Goal of the exercise - Without the pictures, give every record again exactly.
:: Input records ::
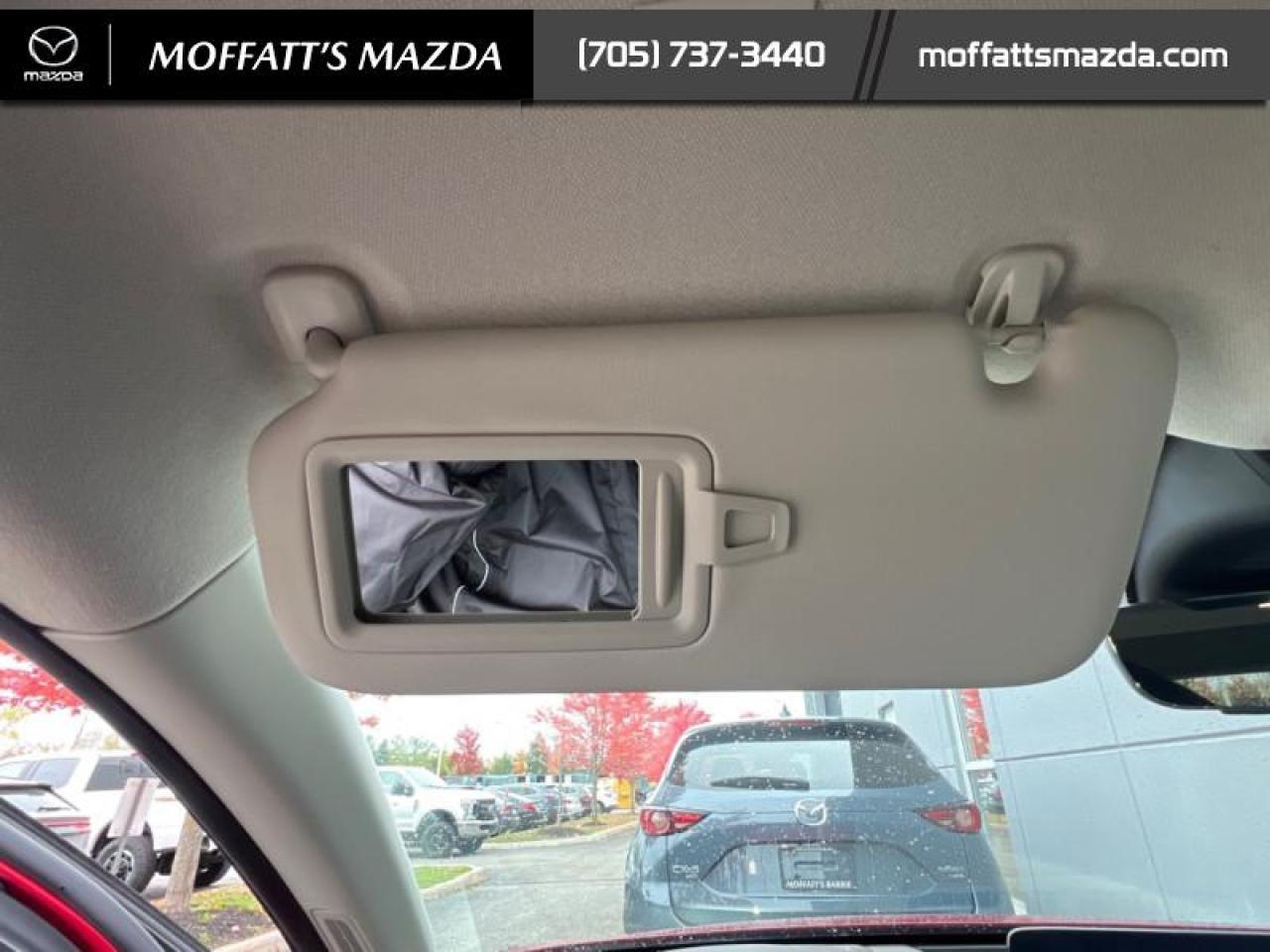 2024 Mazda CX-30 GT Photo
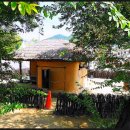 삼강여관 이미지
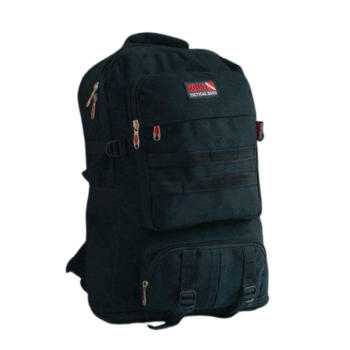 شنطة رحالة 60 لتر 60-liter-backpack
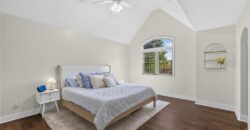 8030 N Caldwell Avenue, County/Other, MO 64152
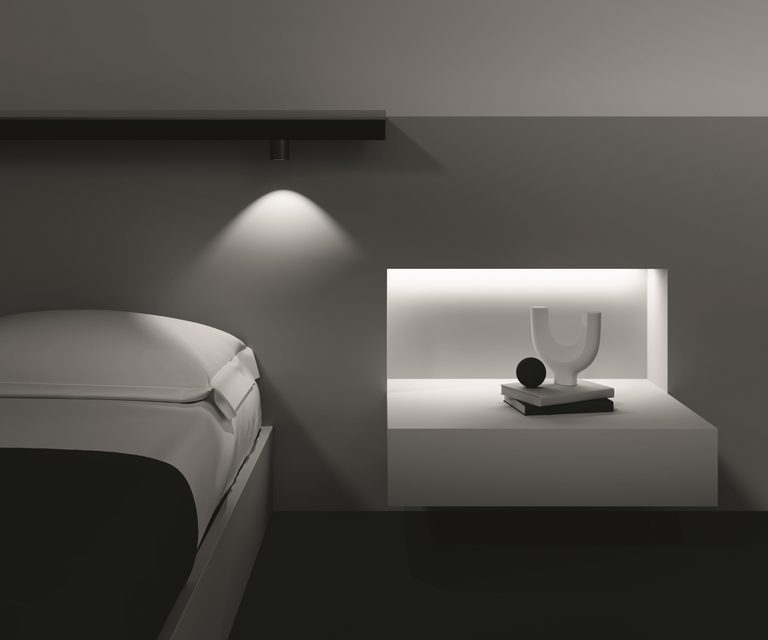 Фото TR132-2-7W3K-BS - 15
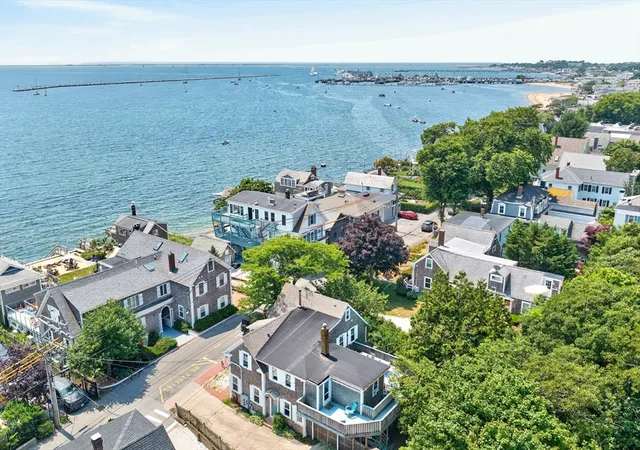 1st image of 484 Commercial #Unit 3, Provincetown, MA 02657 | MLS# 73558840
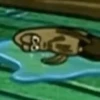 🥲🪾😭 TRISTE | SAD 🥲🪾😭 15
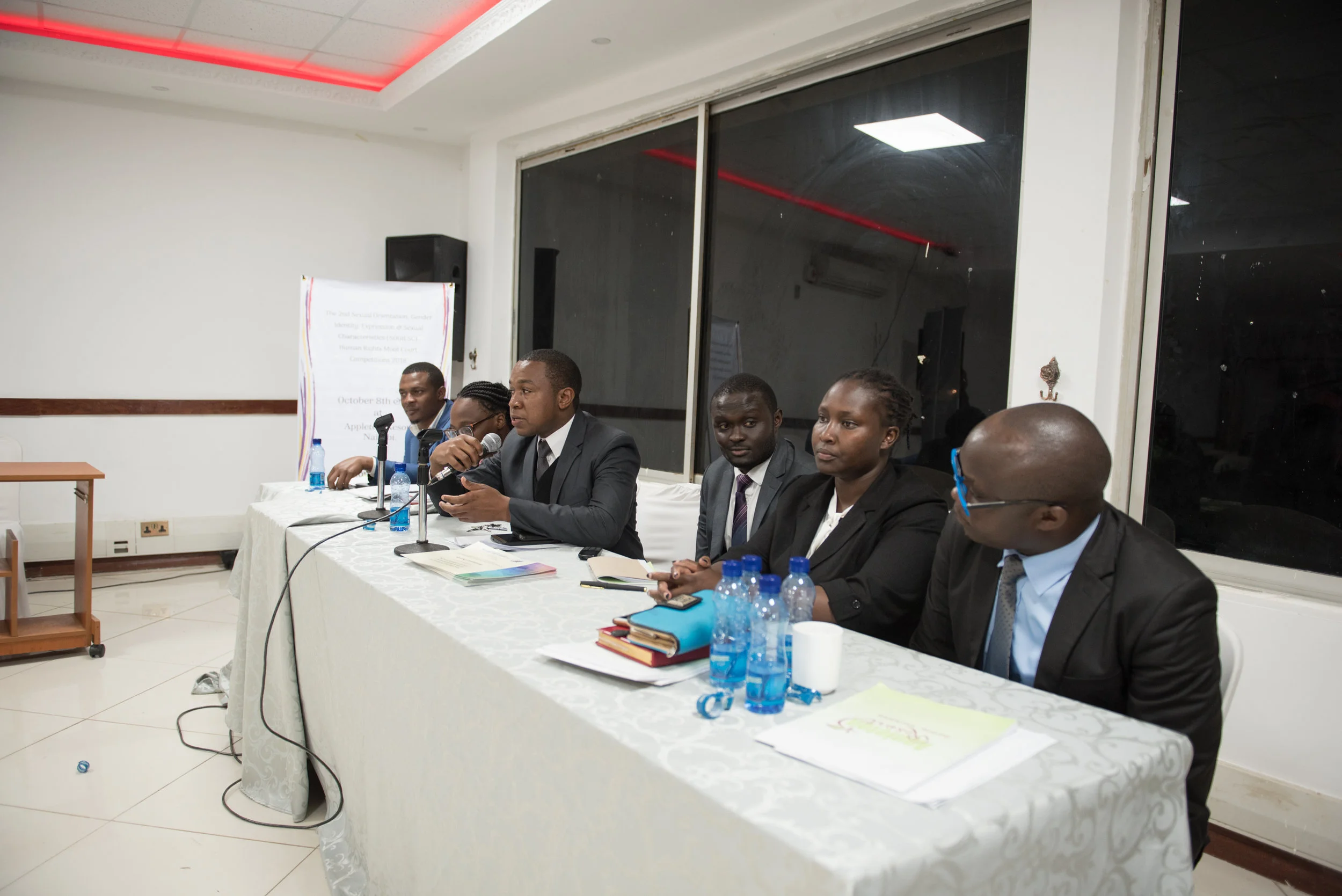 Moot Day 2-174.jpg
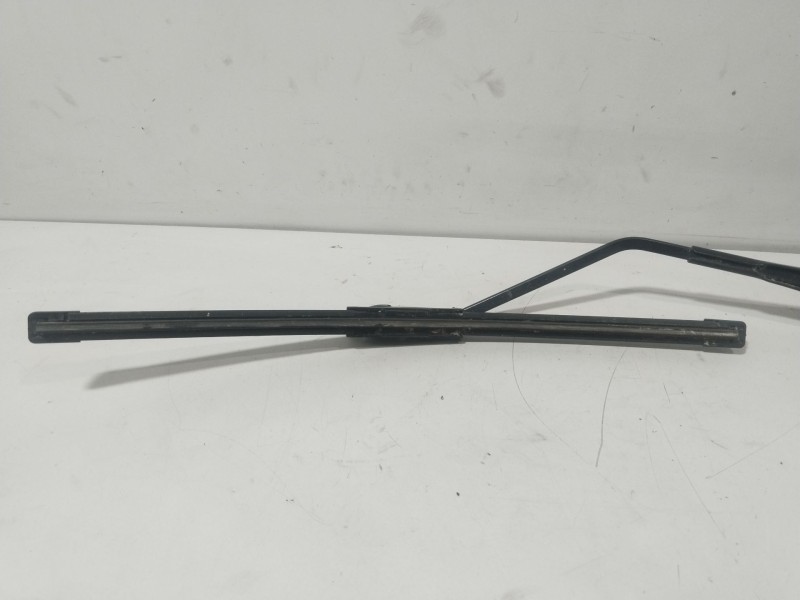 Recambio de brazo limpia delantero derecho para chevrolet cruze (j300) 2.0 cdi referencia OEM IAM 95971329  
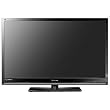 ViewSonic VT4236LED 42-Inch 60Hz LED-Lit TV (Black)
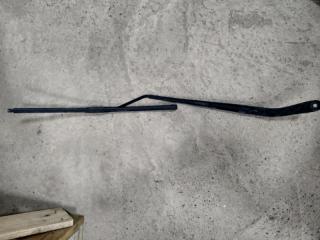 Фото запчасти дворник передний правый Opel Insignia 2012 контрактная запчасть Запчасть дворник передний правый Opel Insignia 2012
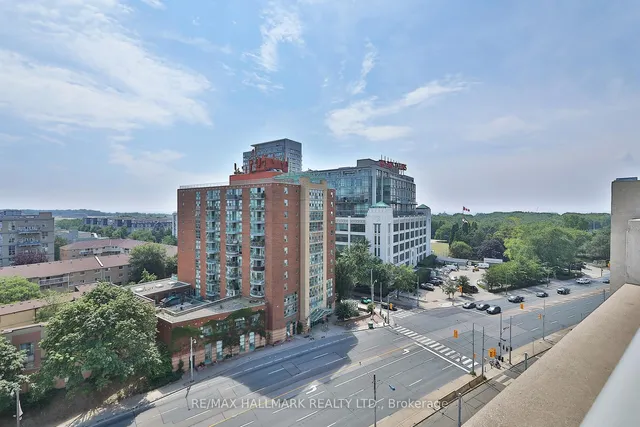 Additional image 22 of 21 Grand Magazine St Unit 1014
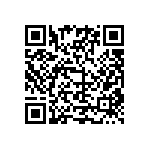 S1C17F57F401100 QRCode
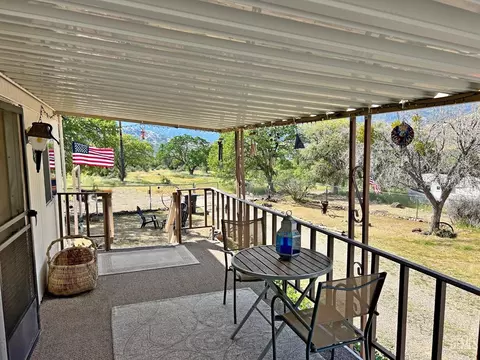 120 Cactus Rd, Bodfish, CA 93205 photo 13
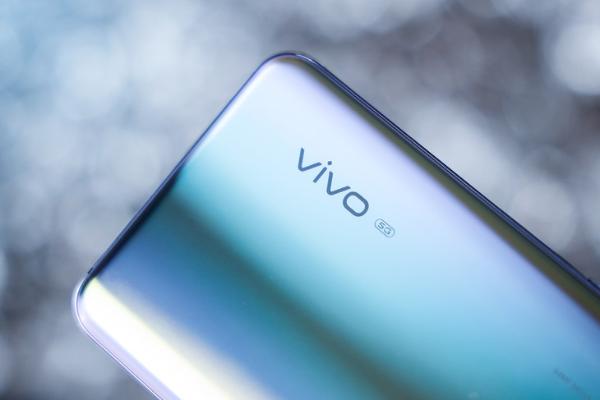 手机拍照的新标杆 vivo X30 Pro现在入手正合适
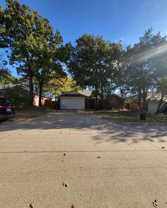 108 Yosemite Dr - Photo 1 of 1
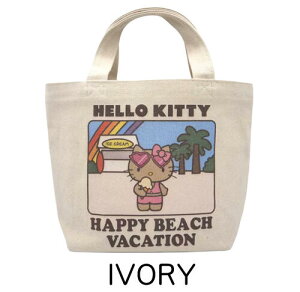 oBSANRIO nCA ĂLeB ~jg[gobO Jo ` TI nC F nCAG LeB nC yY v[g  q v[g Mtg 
:::
Solved exercise -
 2024 Mazda CX-30 GT Photo
 삼강여관 이미지
 شنطة رحالة 60 لتر 60-liter-backpack
 8030 N Caldwell Avenue, County/Other, MO 64152
 Фото TR132-2-7W3K-BS - 15
 1st image of 484 Commercial #Unit 3, Provincetown, MA 02657 | MLS# 73558840
 🥲🪾😭 TRISTE | SAD 🥲🪾😭 15
 Moot Day 2-174.jpg
 Recambio de brazo limpia delantero derecho para chevrolet cruze (j300) 2.0 cdi referencia OEM IAM 95971329  
 ViewSonic VT4236LED 42-Inch 60Hz LED-Lit TV (Black)
 Фото запчасти дворник передний правый Opel Insignia 2012 контрактная запчасть Запчасть дворник передний правый Opel Insignia 2012
 Additional image 22 of 21 Grand Magazine St Unit 1014
 S1C17F57F401100 QRCode
 120 Cactus Rd, Bodfish, CA 93205 photo 13
 手机拍照的新标杆 vivo X30 Pro现在入手正合适
 108 Yosemite Dr - Photo 1 of 1
 oBSANRIO nCA ĂLeB ~jg[gobO Jo ` TI nC F nCAG LeB nC yY v[g  q v[g Mtg 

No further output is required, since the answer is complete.